_What is expected_.
Would you reproduce exactly the lines below from the one holding "Lenovo 5CB1R08838 COVER" through the one holding "隻眼の残像　コレクターズクラブ　特製生写真　劇場版名探偵コナン", inclusive, and no others?

_Data records_.
:::
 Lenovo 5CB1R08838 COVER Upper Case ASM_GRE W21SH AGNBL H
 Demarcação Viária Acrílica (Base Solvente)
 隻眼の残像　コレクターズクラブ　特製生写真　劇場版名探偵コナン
:::
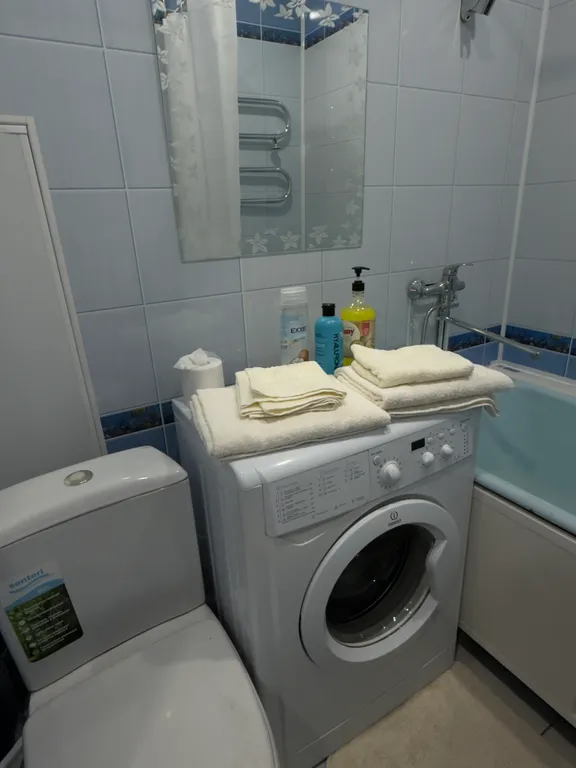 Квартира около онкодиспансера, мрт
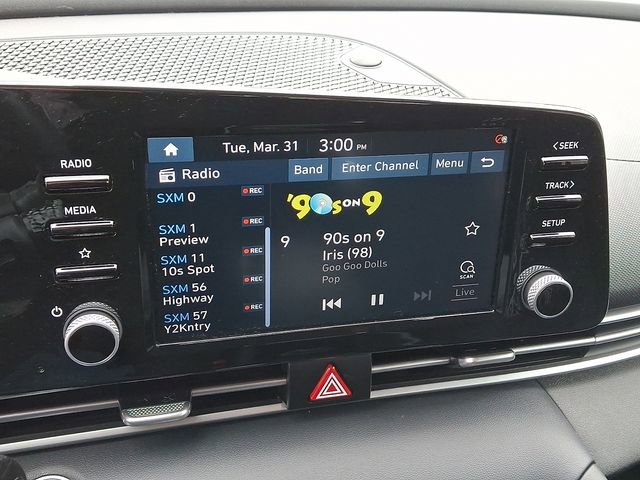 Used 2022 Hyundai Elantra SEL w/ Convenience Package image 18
:::
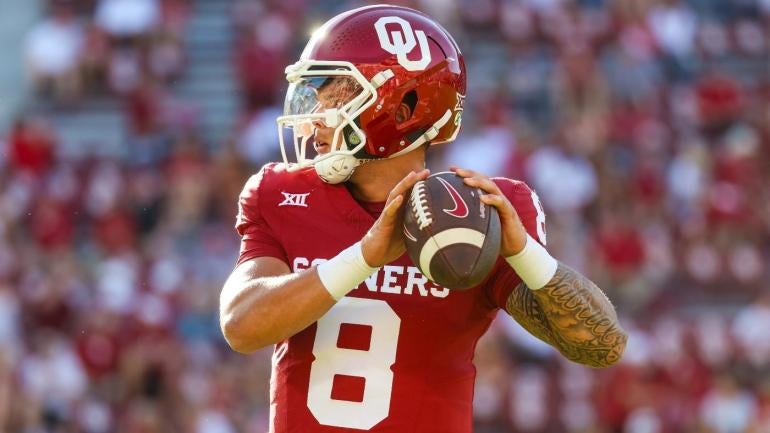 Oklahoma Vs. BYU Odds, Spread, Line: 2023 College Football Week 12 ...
:::
_Task output_.
 Lenovo 5CB1R08838 COVER Upper Case ASM_GRE W21SH AGNBL H
 Demarcação Viária Acrílica (Base Solvente)
 隻眼の残像　コレクターズクラブ　特製生写真　劇場版名探偵コナン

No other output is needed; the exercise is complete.